At the time of diagnosis of pregnancy failure, and because of the low suspicion of a molar pregnancy, we recommended medical management with misoprostol. However, standard of care for gestational trophoblastic disease (GTD) is surgical management with measurement of postevacuation ß-hCG levels. Prior studies demonstrated that medication-induced evacuation of HMs were associated with higher risks of requiring systemic chemotherapy compared with those of surgical management with curettage; this was hypothesized to be related to the risk of embolization and dissemination of the GTD through the venous system with multiple uterine contractions (21).
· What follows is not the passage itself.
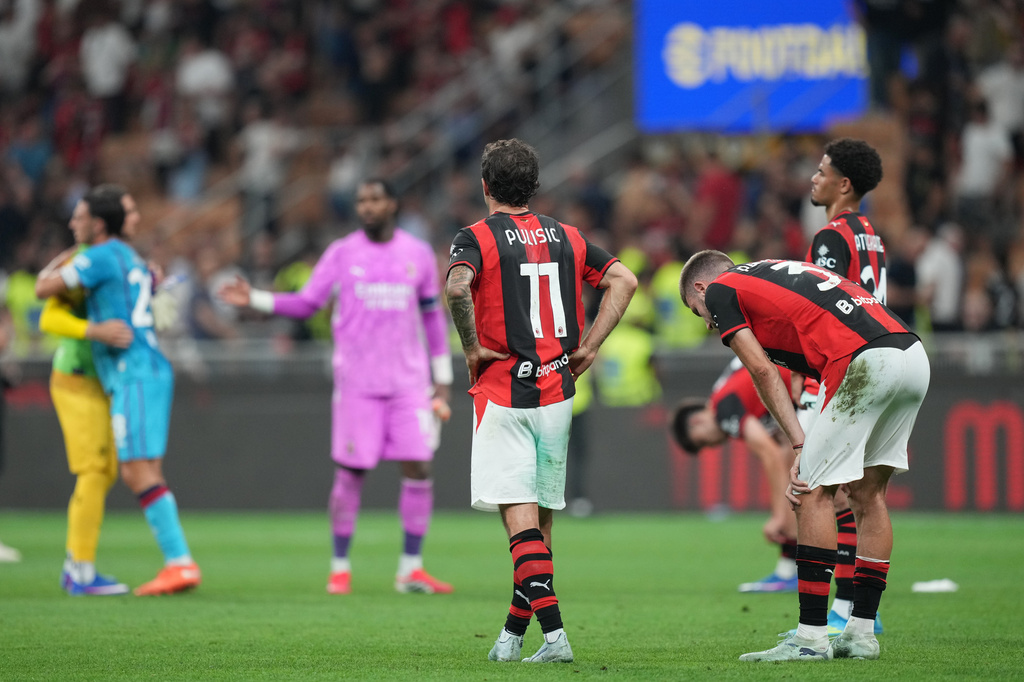 AC Milan's Christian Pulisic, left, reacts with his teammates Strahinja Pavlovic, center, and Zachary Athekame at the end of the Serie A soccer match between AC Milan and Cagliari, in Milan, Italy, Sunday, May 24, 2026. (AP Photo/Antonio Calanni)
The International Federation of Gynecology and Obstetrics currently recommends measuring ß-hCG levels every 1–2 weeks until they become undetectable, and then obtaining monthly levels for 6 months after (22), the National Comprehensive Cancer Network recommends measuring monthly levels for 3 months (23). Although there has been some suggestion that a reduced postevacuation surveillance period is safe (24), more information is necessary to determine the safety of such modifications of ß-hCG level measurement practices in molar pregnancies managed with medication.
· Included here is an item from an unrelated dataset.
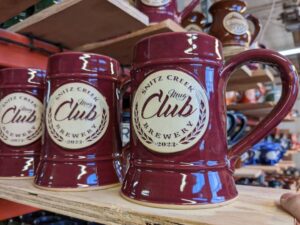 Red beer steins lined up on a plank of wood with brewery logo.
In conclusion, this is the first published case study, to our knowledge, which demonstrates a complete molar pregnancy as a result of the transfer of a reported euploid embryo. This highlights the importance of understanding the limitations of the genetic testing platforms used in each practice, and to appropriately apply the reported results in the event of AFO-derived embryos. As more data emerges showing that AFO-derived embryos can result in normal pregnancies, rather than discarding these embryos in patients who may not have any 2PN embryos to use, it is more prudent to use adjunct genetic testing to help determine which AFO-derived embryos may lead to a normal pregnancy. Evaluation of LOH in SNPs or of STRs with PGT-A can offer further insight into the genetic material that makes up the AFO-derived embryos to determine ploidy as well as parental contribution. This will aid in deciding whether to move forward with the transfer of an AFO-derived embryo with a potential for a live birth for patients who otherwise may not have any other embryos to use.